- [DATA]:
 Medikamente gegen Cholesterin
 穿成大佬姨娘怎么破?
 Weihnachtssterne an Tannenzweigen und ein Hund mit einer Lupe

---

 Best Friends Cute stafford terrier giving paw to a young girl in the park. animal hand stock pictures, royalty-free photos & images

...

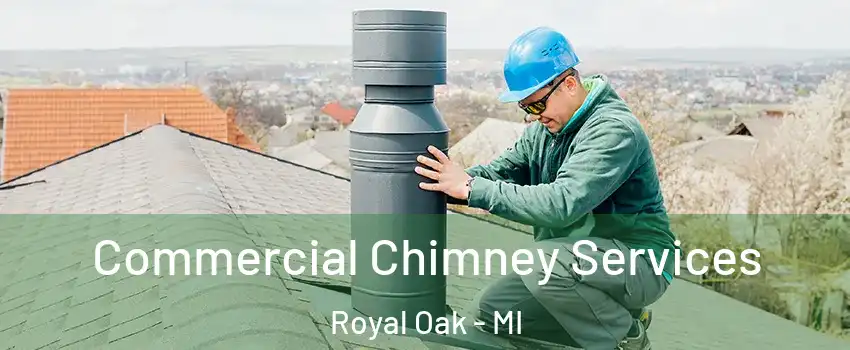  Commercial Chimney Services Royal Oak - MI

- [INSTRUCTIONS FOR THE TASK]: Your task is to restate, word for word, only those lines above that fall between the line holding "Medikamente gegen Cholesterin" and the line holding "Weihnachtssterne an Tannenzweigen", inclusive.

- [FINISHED TASK]:
 Medikamente gegen Cholesterin
 穿成大佬姨娘怎么破?
 Weihnachtssterne an Tannenzweigen und ein Hund mit einer Lupe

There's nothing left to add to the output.